Spa Facial Treatments Guntersville AL
Haircut / Style, Pedicures, Hair Color, Facials, Highlights / Lowlights, Microdermabrasion, Color Correction, Massage, Permanents, Body Wraps, Body Waves, Body Treatments, Wave Relaxers, Spa Packages, Up – do's, Hair Removal, Special Occasions, Make Up, Bridal Services, Brow / Lash Tinting, Manicures, Make Up Application
Haircut / Style, Manicures, Hair Color, Pedicures, Highlights / Lowlights, Facials, Color Correction, Microdermabrasion, Permanents, Massage, Body Waves, Body Wraps, Wave Relaxers, Body Treatments, Permanent Straightening, Spa Packages, Ethnic Hair, Hair Removal, Up – do's, Make Up, Special Occasions, Brow / Lash Tinting, Bridal Services, Make Up Application
There's nothing quite like a salon or spa facial-the pampering, the focus on you, the professional help, the extractions. You can arrive looking tired, wan, and flaky, and walk out the door an hour later glowing like a teenager. But if such services are not within your budget, you can still benefit from a do-it-yourself facial at home. Here, Carol Zubrin, owner of LA's Purity natural skin-care spa, explains how:
Step One: Cleanse. "I like to use a natural herbal facial cleanser without parabens or sulfates, such as Epicuren Herbal Cleanser ($48 for 4 ounces, beautybazzar.com )," Zubrin says. "Use a soft skin brush to get deeper into the pores."

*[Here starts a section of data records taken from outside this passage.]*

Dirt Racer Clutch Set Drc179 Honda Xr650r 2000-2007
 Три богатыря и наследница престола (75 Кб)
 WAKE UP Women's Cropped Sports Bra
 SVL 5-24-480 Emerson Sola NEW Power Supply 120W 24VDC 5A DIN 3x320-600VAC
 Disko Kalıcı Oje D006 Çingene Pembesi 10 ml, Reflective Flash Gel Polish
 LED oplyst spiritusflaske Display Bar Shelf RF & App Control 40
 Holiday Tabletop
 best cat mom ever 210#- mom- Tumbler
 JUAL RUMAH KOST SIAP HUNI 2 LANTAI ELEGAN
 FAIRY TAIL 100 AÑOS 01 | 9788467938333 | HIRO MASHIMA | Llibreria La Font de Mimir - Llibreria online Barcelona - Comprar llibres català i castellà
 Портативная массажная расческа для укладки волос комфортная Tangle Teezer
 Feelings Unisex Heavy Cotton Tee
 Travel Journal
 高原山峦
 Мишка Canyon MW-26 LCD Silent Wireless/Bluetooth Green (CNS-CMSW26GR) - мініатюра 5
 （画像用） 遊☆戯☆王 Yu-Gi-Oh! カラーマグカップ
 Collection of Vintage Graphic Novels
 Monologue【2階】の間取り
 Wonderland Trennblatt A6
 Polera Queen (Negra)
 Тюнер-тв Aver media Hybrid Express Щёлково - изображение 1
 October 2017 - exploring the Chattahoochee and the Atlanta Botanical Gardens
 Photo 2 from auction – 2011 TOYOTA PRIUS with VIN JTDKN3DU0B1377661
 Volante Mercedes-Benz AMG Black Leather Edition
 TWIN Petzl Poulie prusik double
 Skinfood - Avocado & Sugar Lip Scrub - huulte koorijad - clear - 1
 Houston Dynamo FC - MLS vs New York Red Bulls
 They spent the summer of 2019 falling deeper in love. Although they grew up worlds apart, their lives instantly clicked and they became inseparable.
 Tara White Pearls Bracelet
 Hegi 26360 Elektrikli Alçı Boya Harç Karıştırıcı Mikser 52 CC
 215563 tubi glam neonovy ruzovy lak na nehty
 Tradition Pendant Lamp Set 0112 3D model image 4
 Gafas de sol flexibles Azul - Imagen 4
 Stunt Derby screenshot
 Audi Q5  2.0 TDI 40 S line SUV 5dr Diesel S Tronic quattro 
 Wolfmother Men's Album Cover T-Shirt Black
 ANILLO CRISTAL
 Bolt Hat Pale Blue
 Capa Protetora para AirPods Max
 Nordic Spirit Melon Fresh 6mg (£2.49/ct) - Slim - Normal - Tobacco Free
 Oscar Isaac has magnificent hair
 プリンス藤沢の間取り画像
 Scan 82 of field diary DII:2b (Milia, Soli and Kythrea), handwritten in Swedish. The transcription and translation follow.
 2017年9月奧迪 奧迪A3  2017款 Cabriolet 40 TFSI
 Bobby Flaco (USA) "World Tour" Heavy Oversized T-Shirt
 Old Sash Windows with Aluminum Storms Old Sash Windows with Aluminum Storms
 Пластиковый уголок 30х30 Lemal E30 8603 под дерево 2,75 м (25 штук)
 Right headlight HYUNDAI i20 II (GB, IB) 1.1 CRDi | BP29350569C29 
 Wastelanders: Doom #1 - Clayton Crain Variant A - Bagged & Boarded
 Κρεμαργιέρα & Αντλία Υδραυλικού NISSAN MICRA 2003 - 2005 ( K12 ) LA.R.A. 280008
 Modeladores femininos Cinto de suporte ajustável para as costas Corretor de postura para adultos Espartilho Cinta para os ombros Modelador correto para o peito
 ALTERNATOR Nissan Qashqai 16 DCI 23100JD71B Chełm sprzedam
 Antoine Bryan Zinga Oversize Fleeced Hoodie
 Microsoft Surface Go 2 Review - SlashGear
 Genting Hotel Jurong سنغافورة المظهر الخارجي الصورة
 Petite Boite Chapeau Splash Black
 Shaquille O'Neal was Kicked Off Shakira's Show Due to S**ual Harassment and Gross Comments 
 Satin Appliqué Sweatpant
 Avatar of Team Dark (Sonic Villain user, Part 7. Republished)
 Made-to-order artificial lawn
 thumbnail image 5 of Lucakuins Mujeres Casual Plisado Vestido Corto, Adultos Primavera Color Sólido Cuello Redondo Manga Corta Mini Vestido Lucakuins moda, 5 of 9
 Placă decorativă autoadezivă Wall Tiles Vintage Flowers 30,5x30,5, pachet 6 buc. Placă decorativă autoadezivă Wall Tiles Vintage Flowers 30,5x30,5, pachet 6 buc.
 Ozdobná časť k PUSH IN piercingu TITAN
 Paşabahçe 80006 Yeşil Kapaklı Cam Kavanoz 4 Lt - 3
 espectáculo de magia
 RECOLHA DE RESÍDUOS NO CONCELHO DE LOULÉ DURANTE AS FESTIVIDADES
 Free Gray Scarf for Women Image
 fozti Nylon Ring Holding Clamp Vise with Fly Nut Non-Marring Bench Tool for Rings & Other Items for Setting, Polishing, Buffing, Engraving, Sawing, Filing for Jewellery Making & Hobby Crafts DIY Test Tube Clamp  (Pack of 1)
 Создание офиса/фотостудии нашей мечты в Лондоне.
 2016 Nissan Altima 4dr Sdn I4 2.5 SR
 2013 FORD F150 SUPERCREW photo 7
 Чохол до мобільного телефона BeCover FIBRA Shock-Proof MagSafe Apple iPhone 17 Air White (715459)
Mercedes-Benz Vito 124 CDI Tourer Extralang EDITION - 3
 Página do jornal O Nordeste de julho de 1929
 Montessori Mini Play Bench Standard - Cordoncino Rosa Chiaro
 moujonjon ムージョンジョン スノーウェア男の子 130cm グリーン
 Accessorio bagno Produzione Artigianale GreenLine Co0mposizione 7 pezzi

Step Two: Steam. "Wrap your face with a warm towel to soften the skin and open the pores," Zubrin advises. You could also boil a pot of water, remove from heat, and create a steam tent by draping a towel over your head as you lean toward the steam.
Step Three: Exfoliate. Use a homemade scrub to lightly remove the skin's dead surface layers. "A great recipe is to combine three tablespoons of ground almond meal to one tablespoon of honey to make a thick paste," Zubrin says. "Rub it onto the skin using gentle circular motions. Rinse well afterward.
Step Four: Extractions. Most professional facialists will advise you to never do your own extractions. But since you're going to anyway, Zubrin offers this advice: "Wrap your fingers with a double layer of clean tissue," she says. "Pull the skin up and away from the blemish using a shimmying motion to help the dirt and oil come out of the pore. If you push, you'll force the dirt and oil back in." Try this a few times, but if nothing works to break the seal on the blemish, give up. "Never force something that isn't ready to come out," she says. "You could scar the skin."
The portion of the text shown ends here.